Friday, January 25, 2013

Stories

I don't really have this one mapped out... we'll see how it goes.

A while ago I was shown a film called Weekend, which is a gay love story. I usually balk at calling things gay anything (why can't it just be a "love story" and all that crap), but in this case the qualifier is quite essential. More on that later.

Anyway, I thought the film was really good - especially the acting and the dialogue. Real people talking, and not talking. Meanings carried inbetween. I figured it was a cool new addition to my catalog of relationship studies.

A day went by, then two, and I realized that it didn't go away. A buzz in the back of my head, a lump in the pit of my stomach - it was still there. I got my own copy, re-watched a few scenes. Started cutting out clips, and flinging them at people. I spread the word. Finally I rested, satisfied.

Some time after, my mother asked me if I could get the movie for her. I had sent her a song that played over the end credits (it was very much her sort of music). She did some digging around on YouTube, found a couple of scenes, and wanted to see the whole thing. I figured why not, except the Polish subs were pretty horrible, so I decided to tweak the translation first. This of course meant that I had to see the whole thing again, which rekindled my urge to share it with someone.

Today I watched the whole thing with Ana, and here is where - at long last - the Thoughts come in. One of the characters in the movie is a self-proclaimed artist and semi-militant gay... activist, I guess? If you consider speechifying about the societal structure to be activism. It's even nicely played up for humor, when he delivers a drunken sermon on the inherent heterosexuality of narrative in popular culture to an increasingly confused middle-aged bar patron. The thing is, my first reaction was to roll my eyes at most of the stuff he said.
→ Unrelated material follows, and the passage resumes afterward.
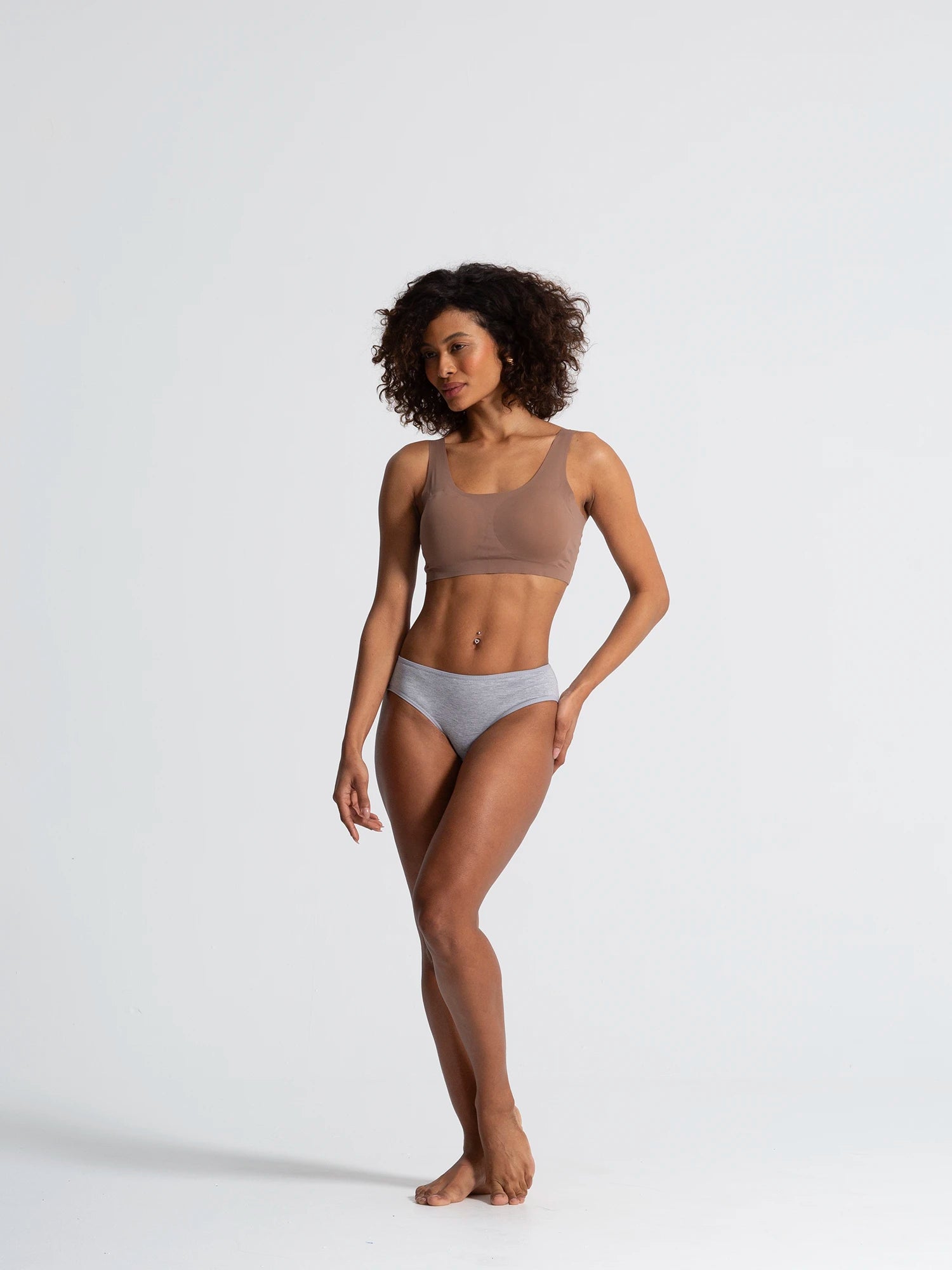 Seamless Allure U-Neck Bralette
And then roll them again once I realized that he also serves as a delivery system for the filmmaker's thoughts on the subject (it actually gets a bit meta at one point, with the guy musing on whether anyone will see his work, since it's just gay stuff - but the character is so well-written that I hadn't picked up on it at first).

I kept thinking that I long for the day when you don't need to have a character give the audience a crash course in Being Gay in Our Society, and highlight the suckage involved. Or preach on the importance of taking charge and making up "our own" - i.e. gay - stories. Once again: why do they have to be gay? Why can't they just be "stories"?

Well, the thing is... maybe they can't. Or maybe they shouldn't. It's been hours, and I'm still riding a wave of crushing melancholia. The thing punched right through me and pulled out a horrible, gnawing hunger right to the surface. I can recall only one other instance of me having this guttural a reaction to a film - and that was after seeing Angels in America.

I get emotional watching... my first instinct was to write "universal", but yes, the truth is "straight" stories. Stuff happens, I empathize, I appreciate the nuances, I revel in the dynamics. But I do not get fucking incapacitated. That stuff gets filtered and translated through my brain, I guess. Meanwhile, this movie bypassed all those checkpoints, and interfaced directly. And I doubt that's because it was just that good.

The sinking feeling will pass, I should have it locked and chained again in a day or two, but I guess I might need to rethink some of my kneejerk reactions towards ghettoization.